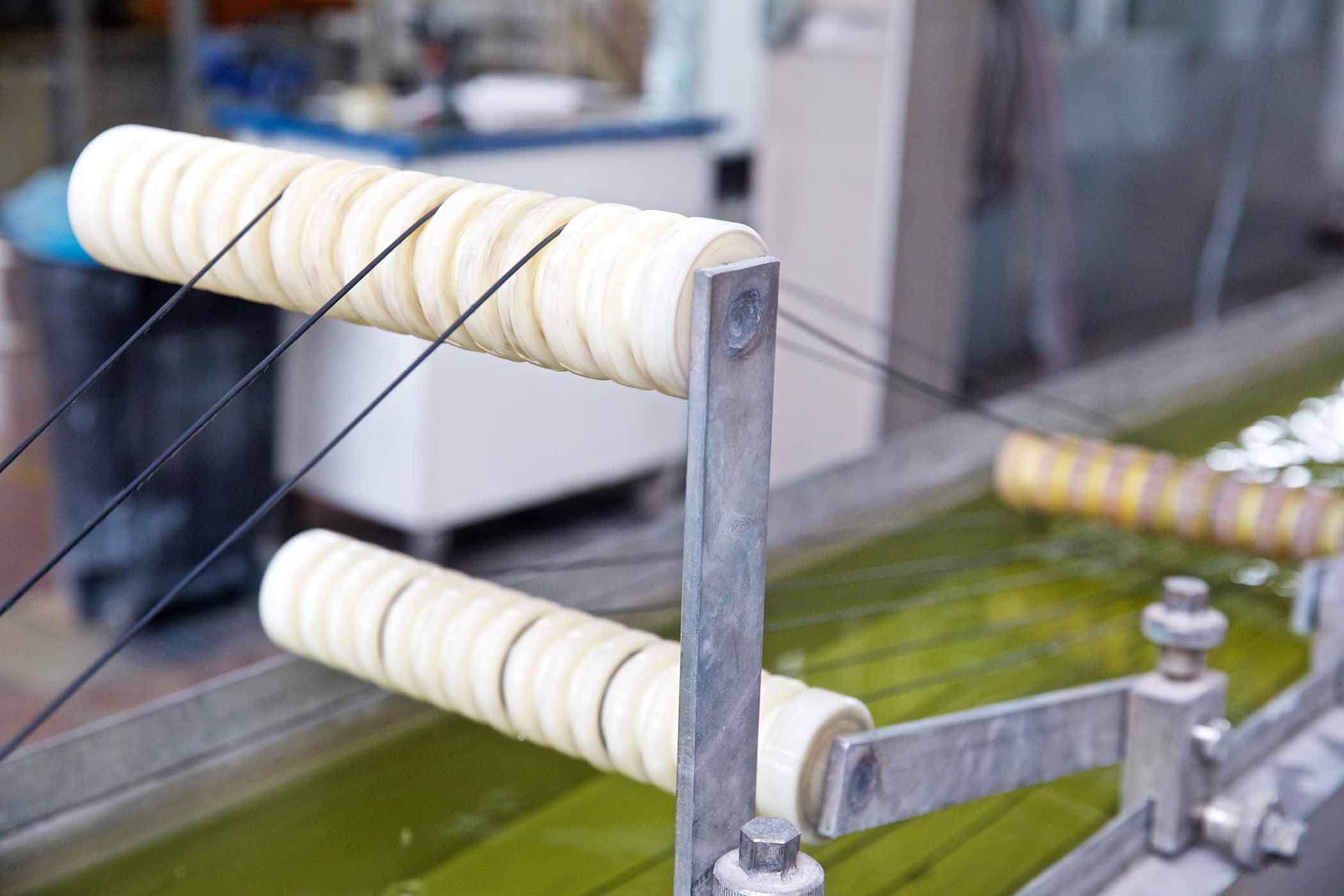 Zdjęcie hali z linią technologiczną w postaci taśmy z rolkami i płynem 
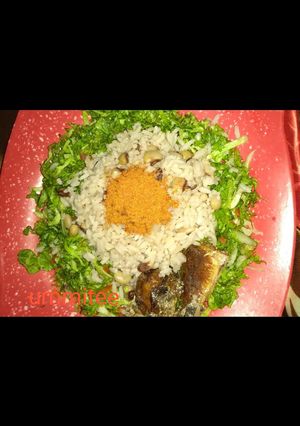 A picture of Rice and beans with salad and fried fish.
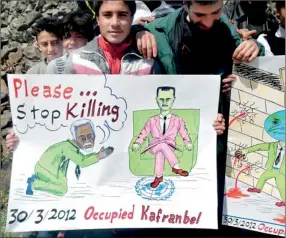  ??  ?? Demonstrat­ors protest against Syria's President Bashar Al-assad in Kafranbel (Reuters)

*Requirement:* The lines needed are those from the one containing "A picture of" through the end of the listing, given again word for word and without any picture.

*Result of this task:*
 A picture of Rice and beans with salad and fried fish.
  ??  ?? Demonstrat­ors protest against Syria's President Bashar Al-assad in Kafranbel (Reuters)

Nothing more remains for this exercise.